İyi Parti TBMM Grup Başkanvekili Lütfü Türkkan, Cumhurbaşkanı ve AKP Genel Başkanı Recep Tayyip Erdoğan'ın açıkladığı yeni kademeli normalleşme kararlarını eleştirdi. "Lokanta, restoran ve kafeler açıldı ama saat 21:00'den sonra yasak. Gündüz sokağa çıkmak serbest, ama gece yasak, çünkü virüs bulaşabilir" diyen Türkkan, "Sayın Erdoğan’a göre virüs güneşi sevmiyor. Virüs şeytan gibi geceleri dolaşıyor. Anlaşılan Yeni Türkiye dedikleri ülkede; bir, geceleri virüs denilen bu illet sokaklara çıkıyor, bir de Cumhurbaşkanı’nın gece kararnameleri yayınlanıyor" dedi.
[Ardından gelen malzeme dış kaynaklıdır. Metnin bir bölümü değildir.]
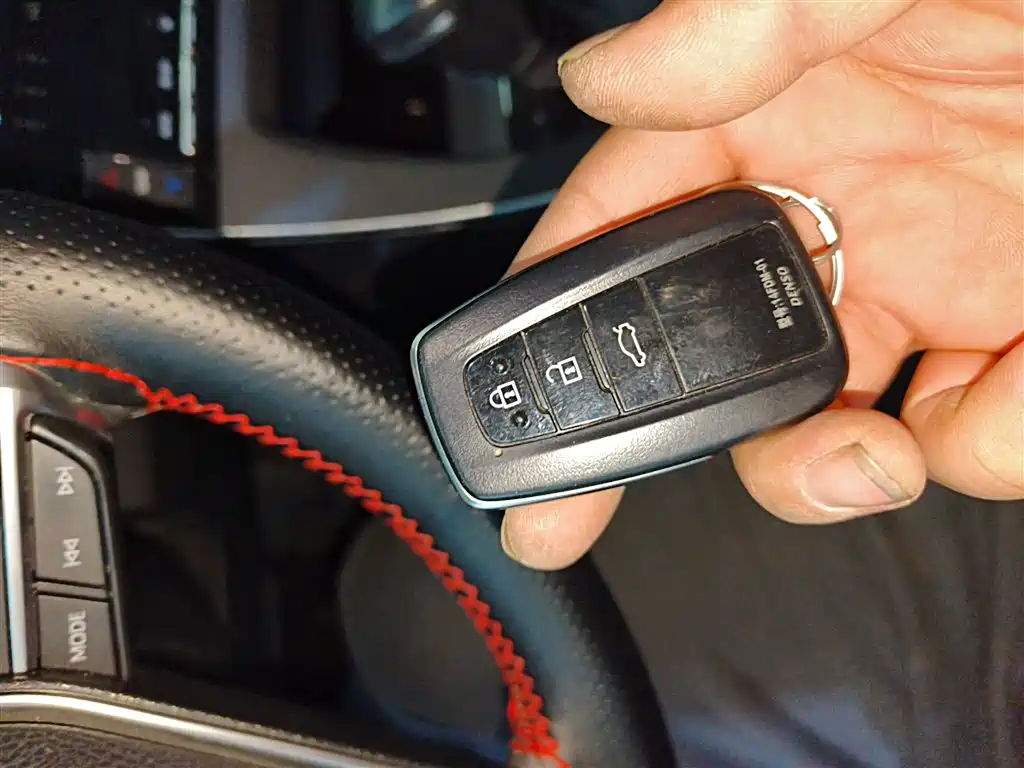 Toyota Avalon 2021 2.5L Luxury Edition фото 18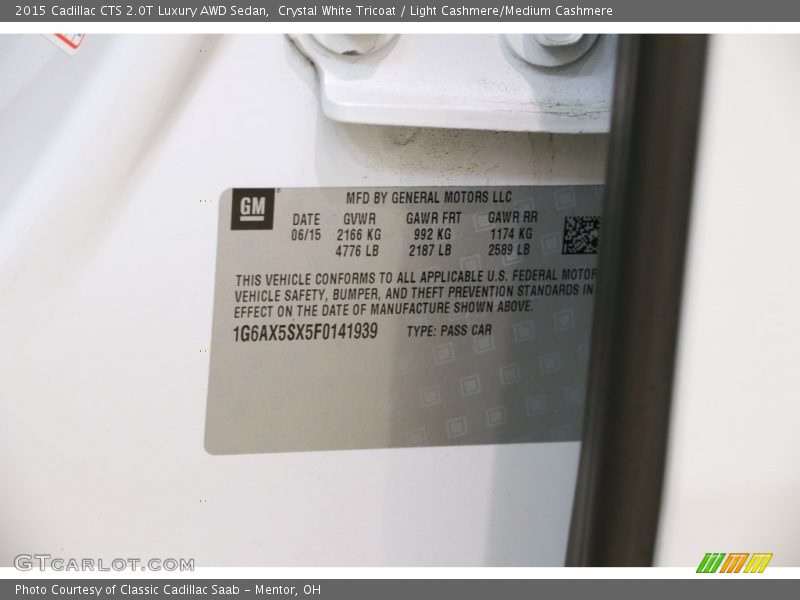 Crystal White Tricoat / Light Cashmere/Medium Cashmere 2015 Cadillac CTS 2.0T Luxury AWD Sedan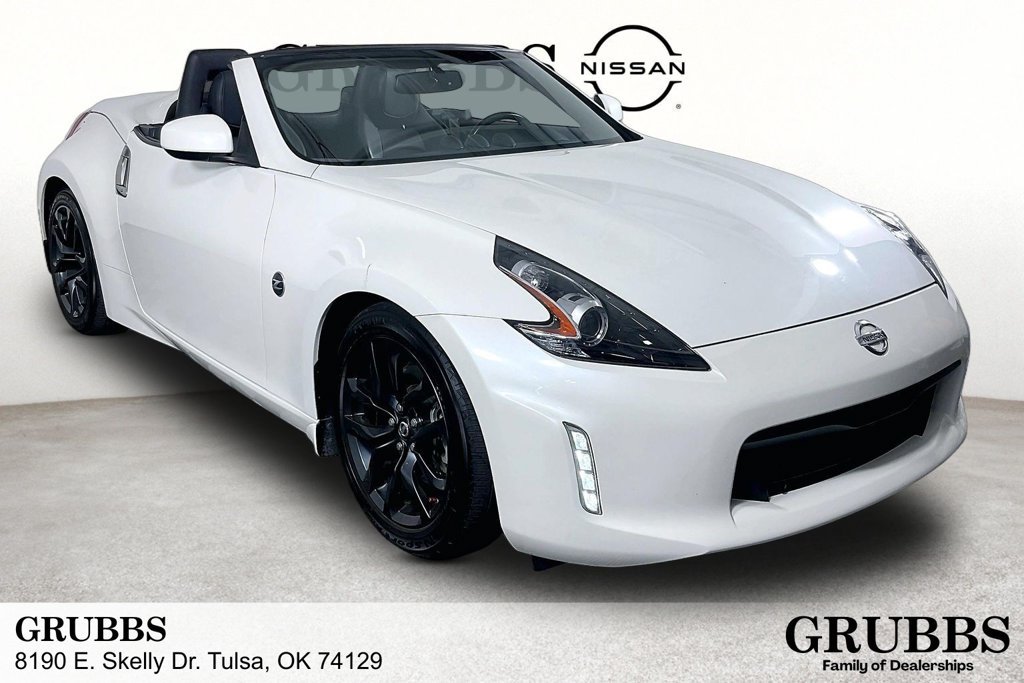 Used 2018 Nissan 370Z Touring RWD image 1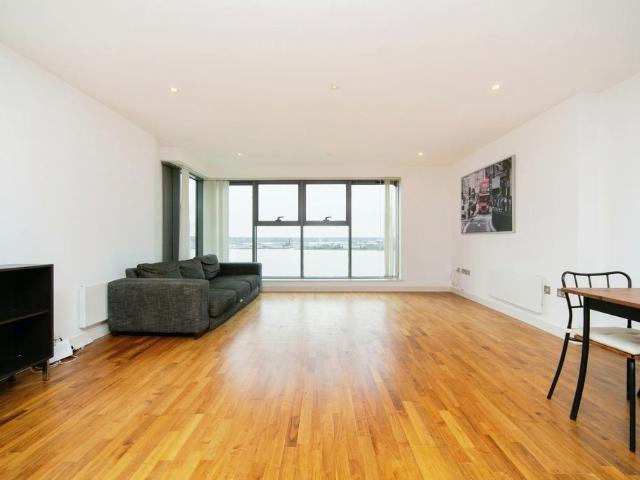 Flat for sale in Calderstones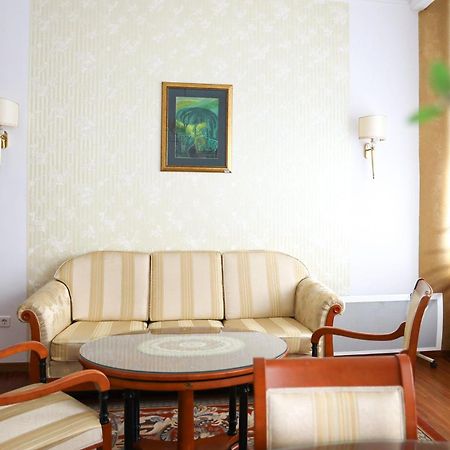 Apart-Hotel Integra Banja Luka Bagian luar foto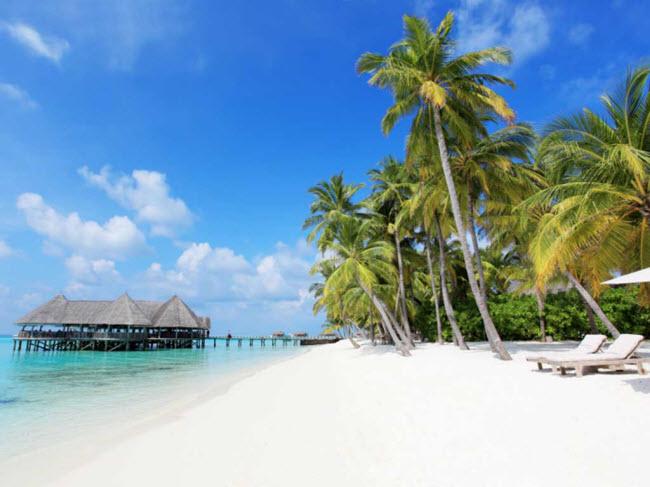 Maldives: Đảo quốc nằm gần Sri Lanka ở Ấn Độ Dương là địa điểm nghỉ dưỡng ưa thích của các ngôi sao nổi tiếng như Eva Longoria, Penelope Cruz, Kate Moss và Jude Law. Nơi đây hấp dẫn với nước biển ấm và bãi cát trắng hoang sơ.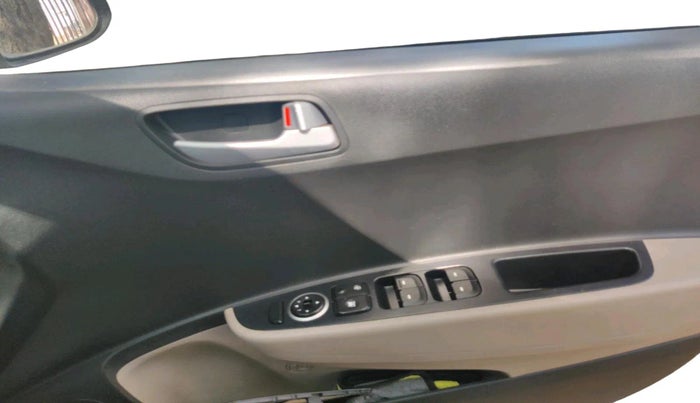 2017 Hyundai Xcent S 1.2, Petrol, Manual, 90,365 km, interior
Türkkan, "Tiyatro ve konser salonları ile tüm eğlence sektörünün 1,5 yıldır hiçbir yardımda bulunmaksızın kapalı ve yasaklı olup diğer her şeyin serbest olmasının tek bir açıklaması olabilir: Bunun adı eğlence sektörü ve kültürel faaliyetleri yok etme ve kontrol altına alma isteğidir. Ak Parti zihniyetine göre müzikten, sahneden, sanattan korkmak, korkanlar açısından makul gibi görünse de beyhude bir tavırdan öteye geçemez" ifadelerini kullandı.

TIKLAYIN - İçişleri Bakanlığı'ndan 'Haziran Ayı Normalleşme Tedbirleri' genelgesi

+1 gün 1 saatlik 'normalleşme'

Yeni kararlara baktığımızda ne görüyoruz biliyor musunuz kısaca; haftada fazladan 1 gün ve günde 1 saat lütfedildi. Tüm dünya normale dönerken Türkiye’nin yaz sezonunda bile anormalliğin içerisine itilmesi bu İktidarın beceriksizliğinden başka bir şey değildir. Eğer özellikle Şubat ve Mart aylarında yaptığımız uyarıları dikkate alsalardı şu an normal hayatımıza dönebilecektik.

Uyarılarımıza kulak asmadıkları gibi salgın pik yaparken adeta şov yaptılar. Lebaleb korona kongrelerinde toplandılar, kongreleri yaparken sokakta maskesiz vatandaş ceza kestiler. Bir fotoğraf göstereceğim şimdi size; Sokağa çıkma yasaklarında yine lebalep eğlenmekten geri kalmadılar. Ankara’da; "Ben garibanım yapmayın ,3 kuruş kazanıyorum” diyen kağıt toplayıcısına 3.150 lira ceza kesilirken İstanbul’un Fethi’ni kutlayan Ak Partili gençler bir gemiye doluşup, fethin ruhuna aykırı sazlı sözlü eğlendiler.

"İktidar bu salgın sürecinde tüm milletimizi süründürdü"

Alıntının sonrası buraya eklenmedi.